Assets under management have increased by 13% to 212 billion pounds, compared with 30 September 2012, with the bulk of inflows being into the company's main equity products -- global emerging markets (GEM), Asia Pacific and global equities. The inflow to GEM products, in particular, will have helped drive the rise in revenue, given the higher margin they command. It will also have helped lift the company's operating margin for the period to 43.8%, well up on the 40.6% reported for the full year to September 2012.
And while they currently represent only a few percent of the funds it manages, inflows to Aberdeen's emerging market debt funds increased dramatically, with 1.4 billion pounds coming in, compared with only 0.3 billion pounds during the same period in 2012.
In line with its objective of growing the dividend progressively, Aberdeen's board has announced that it will increase the interim dividend by an impressive 36% over 2012's payment, bringing it to 6 pence per share.
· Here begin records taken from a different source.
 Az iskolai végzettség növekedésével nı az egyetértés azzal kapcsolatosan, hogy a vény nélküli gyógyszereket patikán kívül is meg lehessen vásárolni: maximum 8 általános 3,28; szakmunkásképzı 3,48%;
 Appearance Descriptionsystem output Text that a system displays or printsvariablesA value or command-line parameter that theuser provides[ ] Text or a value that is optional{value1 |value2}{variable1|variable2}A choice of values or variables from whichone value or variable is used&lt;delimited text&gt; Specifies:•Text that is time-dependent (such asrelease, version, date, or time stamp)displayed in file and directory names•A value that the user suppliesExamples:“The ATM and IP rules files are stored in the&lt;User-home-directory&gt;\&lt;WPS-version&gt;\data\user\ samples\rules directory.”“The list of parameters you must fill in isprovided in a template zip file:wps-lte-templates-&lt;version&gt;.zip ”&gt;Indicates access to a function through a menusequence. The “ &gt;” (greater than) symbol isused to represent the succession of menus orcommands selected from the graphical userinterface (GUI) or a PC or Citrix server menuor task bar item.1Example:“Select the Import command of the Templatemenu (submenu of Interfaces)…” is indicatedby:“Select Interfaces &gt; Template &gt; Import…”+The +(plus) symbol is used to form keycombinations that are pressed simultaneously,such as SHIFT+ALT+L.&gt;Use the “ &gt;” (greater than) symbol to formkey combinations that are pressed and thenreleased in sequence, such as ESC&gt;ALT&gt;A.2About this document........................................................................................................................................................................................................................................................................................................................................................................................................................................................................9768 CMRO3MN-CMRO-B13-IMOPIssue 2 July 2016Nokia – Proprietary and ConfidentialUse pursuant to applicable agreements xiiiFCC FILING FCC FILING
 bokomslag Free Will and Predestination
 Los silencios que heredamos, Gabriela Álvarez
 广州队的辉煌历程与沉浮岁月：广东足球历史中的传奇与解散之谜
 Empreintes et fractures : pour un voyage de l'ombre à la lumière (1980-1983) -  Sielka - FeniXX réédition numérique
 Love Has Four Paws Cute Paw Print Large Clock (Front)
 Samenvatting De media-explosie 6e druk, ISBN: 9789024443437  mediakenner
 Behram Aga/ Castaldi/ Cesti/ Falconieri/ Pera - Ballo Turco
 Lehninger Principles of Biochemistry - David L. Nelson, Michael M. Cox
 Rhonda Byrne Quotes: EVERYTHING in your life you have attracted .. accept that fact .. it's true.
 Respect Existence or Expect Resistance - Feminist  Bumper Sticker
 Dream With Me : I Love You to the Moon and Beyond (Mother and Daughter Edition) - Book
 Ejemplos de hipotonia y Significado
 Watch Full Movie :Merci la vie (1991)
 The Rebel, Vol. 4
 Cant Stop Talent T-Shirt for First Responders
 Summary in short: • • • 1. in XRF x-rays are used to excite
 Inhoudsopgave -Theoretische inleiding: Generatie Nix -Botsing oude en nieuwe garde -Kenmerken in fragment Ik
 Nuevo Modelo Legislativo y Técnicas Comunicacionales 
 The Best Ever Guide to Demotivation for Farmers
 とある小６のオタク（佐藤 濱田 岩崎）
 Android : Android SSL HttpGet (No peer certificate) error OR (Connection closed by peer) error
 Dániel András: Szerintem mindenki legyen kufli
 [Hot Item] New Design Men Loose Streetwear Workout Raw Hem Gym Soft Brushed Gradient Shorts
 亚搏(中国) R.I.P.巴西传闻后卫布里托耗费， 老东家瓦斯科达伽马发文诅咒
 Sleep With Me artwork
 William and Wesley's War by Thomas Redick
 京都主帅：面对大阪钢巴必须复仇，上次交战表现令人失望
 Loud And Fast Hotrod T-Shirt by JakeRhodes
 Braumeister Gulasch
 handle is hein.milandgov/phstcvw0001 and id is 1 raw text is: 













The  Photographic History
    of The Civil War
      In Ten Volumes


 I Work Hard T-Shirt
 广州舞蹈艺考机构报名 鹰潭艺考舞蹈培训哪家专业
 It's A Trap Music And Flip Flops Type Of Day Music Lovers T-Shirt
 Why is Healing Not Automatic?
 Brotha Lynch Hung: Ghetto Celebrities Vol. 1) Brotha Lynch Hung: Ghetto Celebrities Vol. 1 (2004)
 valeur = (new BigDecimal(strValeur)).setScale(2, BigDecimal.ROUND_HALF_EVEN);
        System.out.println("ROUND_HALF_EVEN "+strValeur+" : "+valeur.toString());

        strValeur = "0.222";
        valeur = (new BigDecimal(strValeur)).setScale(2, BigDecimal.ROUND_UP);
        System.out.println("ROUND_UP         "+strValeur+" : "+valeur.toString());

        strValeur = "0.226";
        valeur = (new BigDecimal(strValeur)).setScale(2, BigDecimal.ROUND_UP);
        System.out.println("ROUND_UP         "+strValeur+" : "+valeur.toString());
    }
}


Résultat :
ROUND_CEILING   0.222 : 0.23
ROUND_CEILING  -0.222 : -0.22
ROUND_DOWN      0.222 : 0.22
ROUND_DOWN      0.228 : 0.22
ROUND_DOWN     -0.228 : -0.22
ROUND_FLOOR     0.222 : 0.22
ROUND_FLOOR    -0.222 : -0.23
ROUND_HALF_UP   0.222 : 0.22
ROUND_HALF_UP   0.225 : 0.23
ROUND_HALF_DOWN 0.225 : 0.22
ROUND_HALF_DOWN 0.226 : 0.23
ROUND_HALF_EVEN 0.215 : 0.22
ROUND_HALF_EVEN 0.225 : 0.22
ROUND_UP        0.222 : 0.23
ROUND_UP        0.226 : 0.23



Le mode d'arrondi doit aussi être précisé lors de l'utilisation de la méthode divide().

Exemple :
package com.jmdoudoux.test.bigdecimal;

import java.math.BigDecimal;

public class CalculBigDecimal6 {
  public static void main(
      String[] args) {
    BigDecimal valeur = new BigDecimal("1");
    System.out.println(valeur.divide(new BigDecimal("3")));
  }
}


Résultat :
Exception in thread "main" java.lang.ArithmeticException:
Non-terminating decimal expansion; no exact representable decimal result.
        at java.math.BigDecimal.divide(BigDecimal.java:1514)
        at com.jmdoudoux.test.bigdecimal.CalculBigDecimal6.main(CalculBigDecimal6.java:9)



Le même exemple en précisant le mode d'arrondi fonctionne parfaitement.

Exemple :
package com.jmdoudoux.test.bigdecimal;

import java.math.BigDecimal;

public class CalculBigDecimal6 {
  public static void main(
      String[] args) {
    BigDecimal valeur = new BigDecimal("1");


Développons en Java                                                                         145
Aberdeen's yield now stands at around 3.3%, just below the FTSE 100 average, but is forecast to rise to around 3.8% in 2014.
Martin Gilbert, Aberdeen Asset Management's chief executive, commented:
It has been a strong first half to the year with investors' appetite for risk assets returning. As a result we have seen healthy net new business flows which, combined with performance by global markets, has generated strong growth in our revenue and in profit margins. We remain cautious on the market outlook but believe our fundamental approach to investing will continue to serve our clients' long term needs.
Aberdeen's share price is now up almost 50% on this time last year, compared with a rise of only just over 10% for the FTSE 100 on average. Even more impressive is its five year performance -- up 180%, in stark contrast to an essentially flat FTSE 100.